Anthony Solomon helped John Chaney discover the Fountain of Youth.

“I not only coached against him,” said Solomon, “I contributed to one of his milestone victories.”

It was a late January game in 2004 and Solomon, now the associate head coach of the Dayton Flyers, was the head coach at St. Bonaventure.

His Bonnies were losing at Temple and in the final minutes of the game, the Owls fans had begun chanting, “Cha-ney!...Cha-ney!”

As Solomon and his team trudged off the court afterward, 700 red and white balloons suddenly came cascading down from above.

The 72-year-old Chaney had just won his 700th game as a college coach, a milestone only five other active coaches could then claim.

“I found out the balloons had been up there in the rafters all along, so they were expecting to beat us that night,” Solomon said with a bit of a chuckle. “I can laugh about it…now. I realize what an accomplishment it was and what John Chaney meant to the game.”

That night Chaney took a microphone and told the crowd: “I thought I would be a very old man when this happened. But tonight I feel like a very young man.”

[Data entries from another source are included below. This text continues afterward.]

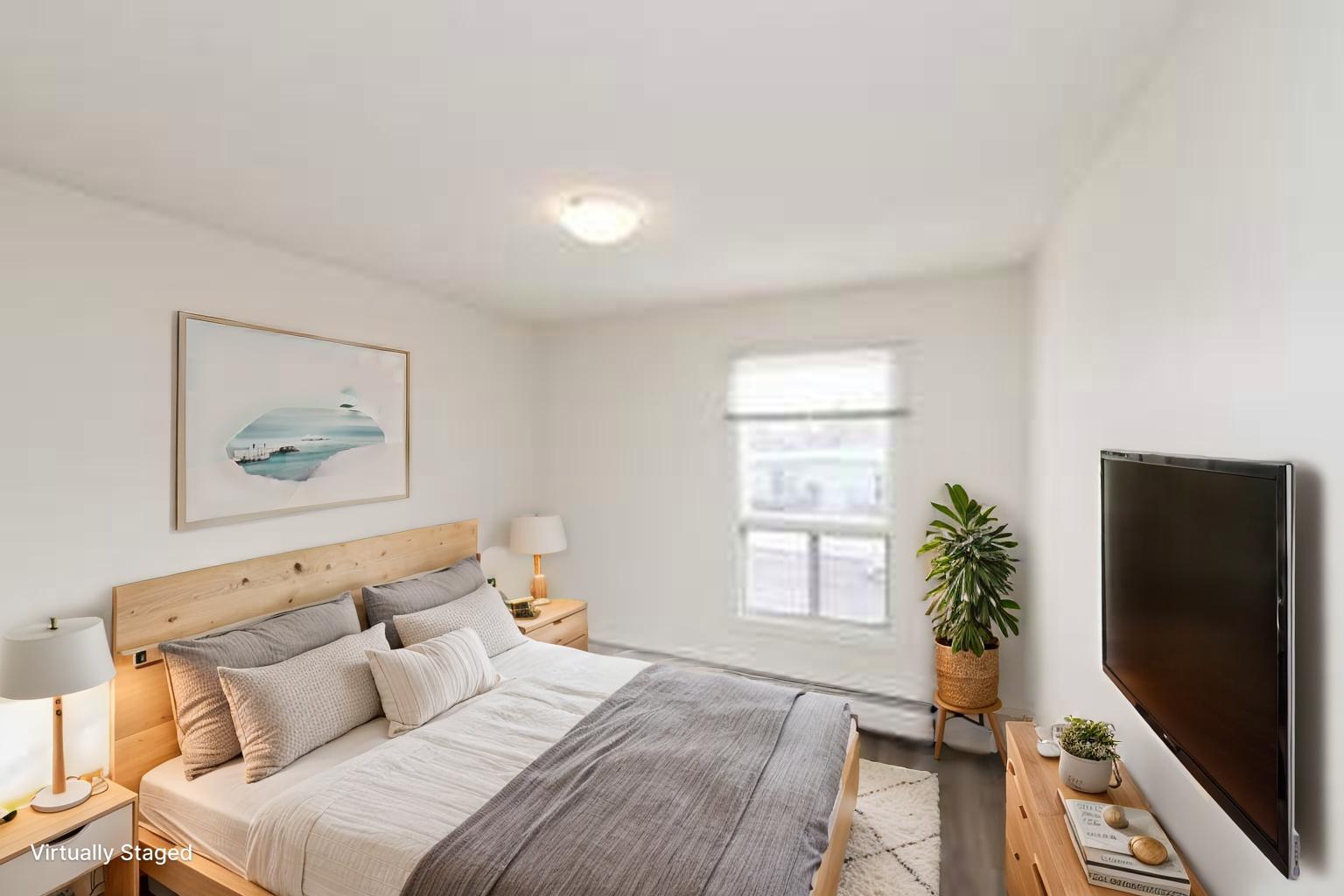 International Ave Apartments - 1 bedroom 2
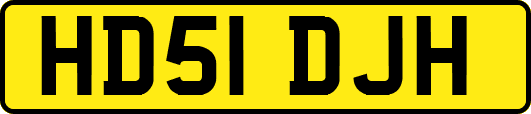 HD51DJH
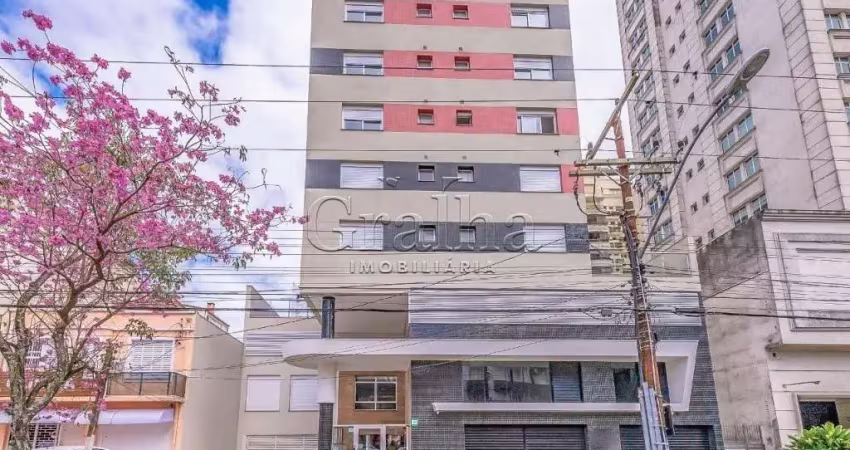 Apartamento com 2 quartos à venda na Avenida Getúlio Vargas, 939, Menino Deus, Porto Alegre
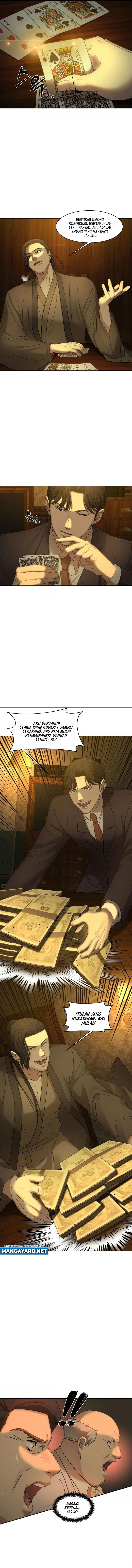 Gambling 1945 Chapter 02 Bahasa Indonesia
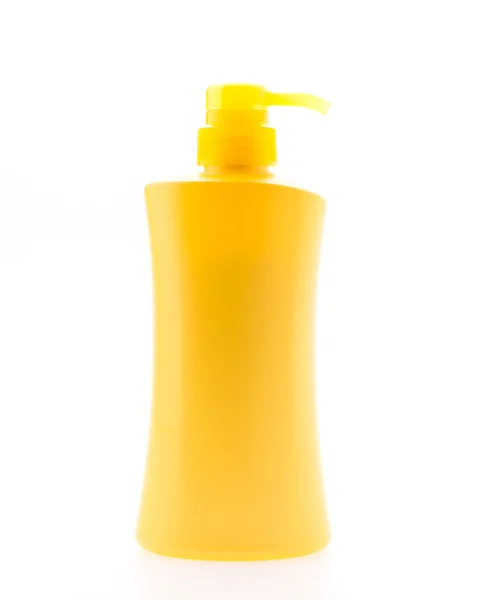 Flaska lotion — Stockfoto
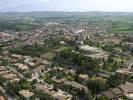 Photos aériennes de Calcinato (25011) - Autre vue | Brescia, Lombardia, Italie - Photo réf. T058950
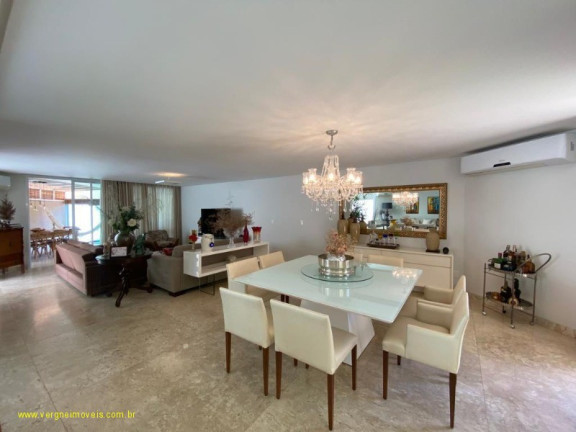 Imagem Casa com 5 Quartos à Venda, 380 m² em Alphaville I - Salvador Imagem Casa com 5 Quartos à Venda, 380 m² em Alphaville I - Salvador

Chaney would coach two more seasons and then retire. He’d finish with 741 victories – 225 from a decade as the head coach at Division II Cheyney State and 516 in his 24 seasons at Temple.

In 34 years as a college head coach, he had just one losing season. He won a national title at Cheyney State and took five Temple teams to the NCAA Tournament’s Elite Eight.

He was voted the national coach of the year in 1988, inducted into the Naismith Memorial Basketball Hall of Fame in 2001 and the college basketball hall five years later.

And yet his success on the court is only part of the story. And not the most important part.

“He taught his kids life skills and what’s important to them,” Solomon said. “And he set an example for the African American coaches who followed him. He was always happy to reach out and make sure we knew what our purpose should be.”

And younger black coaches like Solomon and Flyers head coach Anthony Grant did learn from him.

That’s why both spoke so respectfully of him following UD’s 67-56 victory over Rhode Island Saturday at UD Arena.

On Friday, Chaney had died eight days after his 89th birthday.

“I didn’t know him personally, but I did something because of him that I’d never done before,” Grant said. “When I was an assistant at Florida we got beat by them in the second round of the NCAA Tournament and afterward I went to his press conference.

“I was a huge fan of his. I knew guys who played for him and I’d heard some of the stories they’d shared. I wanted to listen to him.”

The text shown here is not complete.